The book reminded me of Hastened to the Grave, a true crime novel about a real abuse case here in the Bay Area in the early 90s. Dubbed the “Foxglove Case” by police because the perpetrators poisoned their victims with digitalis, a common heart medication made from the foxglove plant, it too starred an intrepid blond PI. I interviewed Faye Faron, who was known professionally as Rat Dog Dick, years ago about the case and Elder Angels, a non-profit she started that offered pro bono private investigations in elder abuse cases.
Hastened to the Grave stuck pretty close to the real case, which needed no embellishment. Faron was originally hired to investigate the alleged abuse of an 82-year-old woman who'd been befriended by a younger man who insinuated himself into her life and talked her into signing what she thought was a simple tenancy lease. It turned out to be a joint-tenancy agreement, which entitled him to take possession of her home when she died. Her sudden subsequent death prompted the executor of her estate to hire Faron, and by the time the executor called off the investigation, Faron was well on her way to unearthing a con game that included the younger man’s mother, sister, and sister’s boyfriend and the death of four men under their care. Undeterred by the lack of a client, Faron continued to investigate as she attempted to get the police, APS, and DA involved. Olsen’s portrayal of the real life professionals involved in the case was no more flattering than Grafton’s, except for Faron, with whom he was obviously infatuated. He especially sticks it to San Francisco’s PD and DA, whose handling of the case was clearly not their finest hour. There were blunders made at every point.
But it turned out to be a landmark case that highlighted the myriad real life problems involved in prosecuting sweetheart scams, which often involve lonely, isolated victims who are too embarrassed to admit they’ve been had. Until recently, cases like these were seen as civil matters at worst, and those that were investigated by police or prosecutors were bounced back and forth between homicide and fraud units. Cases fell apart if victims died, and perpetrators finessed quick cremations to destroy evidence. The Foxglove case was further plagued by politics, changes in departmental administration, allegations of racism (the perps were Rom), and police misconduct.

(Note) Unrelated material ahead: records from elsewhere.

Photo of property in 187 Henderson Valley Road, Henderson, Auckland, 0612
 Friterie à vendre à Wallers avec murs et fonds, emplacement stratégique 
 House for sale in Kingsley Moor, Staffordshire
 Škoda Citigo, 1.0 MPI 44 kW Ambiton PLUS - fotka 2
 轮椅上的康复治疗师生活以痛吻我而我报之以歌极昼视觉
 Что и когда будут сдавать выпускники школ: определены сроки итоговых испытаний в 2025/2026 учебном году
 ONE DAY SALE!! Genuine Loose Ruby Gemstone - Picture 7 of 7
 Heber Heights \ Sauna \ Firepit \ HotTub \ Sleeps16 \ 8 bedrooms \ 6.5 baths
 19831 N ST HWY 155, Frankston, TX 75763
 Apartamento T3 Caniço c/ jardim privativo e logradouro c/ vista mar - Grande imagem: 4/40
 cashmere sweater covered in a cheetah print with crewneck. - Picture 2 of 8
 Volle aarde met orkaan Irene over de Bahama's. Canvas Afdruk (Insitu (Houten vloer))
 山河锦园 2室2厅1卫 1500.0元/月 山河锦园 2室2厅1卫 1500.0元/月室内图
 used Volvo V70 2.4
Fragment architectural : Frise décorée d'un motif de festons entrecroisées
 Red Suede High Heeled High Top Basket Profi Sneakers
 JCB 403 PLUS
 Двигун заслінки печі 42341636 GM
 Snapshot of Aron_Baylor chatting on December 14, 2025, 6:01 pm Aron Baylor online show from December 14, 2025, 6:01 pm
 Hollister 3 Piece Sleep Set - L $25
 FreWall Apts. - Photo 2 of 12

As I thumbed though the Olsen book, I was struck by how much progress there's been in the last decade thanks to the pioneering work of police, prosecutors, judges, forensics experts and researchers, policy makers, and many others. Today, hundreds of these cases are being successfully prosecuted and a case like Foxglove would undoubtedly be handled differently.
To anyone who's seen the suffering these cases cause, the notion of elder abuse as entertainment may seem perverse. But you have to admit that some real life cases have every bit as much suspense and drama as say, a Sue Grafton novel. If we’re ever going to see positive portrayals of colleagues and coworkers though, it’s clear we’re going to have to create our own heroes.